Francisca Flores

Personal information
- Full name: Francisca Flores Cariola
- Born: 25 October 1985 (age 40) Santiago, Chile

Sport
- Sport: Field hockey
- Position: Defence

National team
- Years: Team / Caps / Goals
- 2005: Chile U–21 / 11 / (0)
- 2006–2015: Chile / 79 / (15)

Medal record
Women's field hockey
Representing Chile
Pan American Cup
| Silver medal – second place | 2022 Santiago |  |
| Bronze medal – third place | 2009 Hamilton |  |
South American Games
| Silver medal – second place | 2006 Buenos Aires | Team |
Pan American Junior Championship
| Bronze medal – third place | 2005 San Juan |  |

= Francisca Flores (field hockey) =

Chilean field hockey player

Francisca Flores Cariola (born 25 October 1985) is a former field hockey player from Chile, who played as a defender.

==Personal life==
Francisca Flores has a younger sister, Fernanda, who also played international hockey for Chile.

==Career==
===Junior national team===
Flores made her debut for the Chile U–21 team in 2005 at the Pan American Junior Championship in San Juan.
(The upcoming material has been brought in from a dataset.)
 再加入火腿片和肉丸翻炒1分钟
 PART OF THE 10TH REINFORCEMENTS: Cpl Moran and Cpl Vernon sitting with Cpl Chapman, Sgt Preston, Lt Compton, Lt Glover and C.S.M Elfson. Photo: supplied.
Later that year she represented the team at the FIH Junior World Cup in her hometown, Santiago.

===Las Diablas===
In 2006, Flores made her debut for Las Diablas at the South American Games in Buenos Aires.

Flores went on to make represent the national team over a nine-year period. Most notably, in 2009 she won a bronze medal at the Pan American Cup in Hamilton. She made her final appearance for the national team in 2015 during the 2014–15 FIH World League.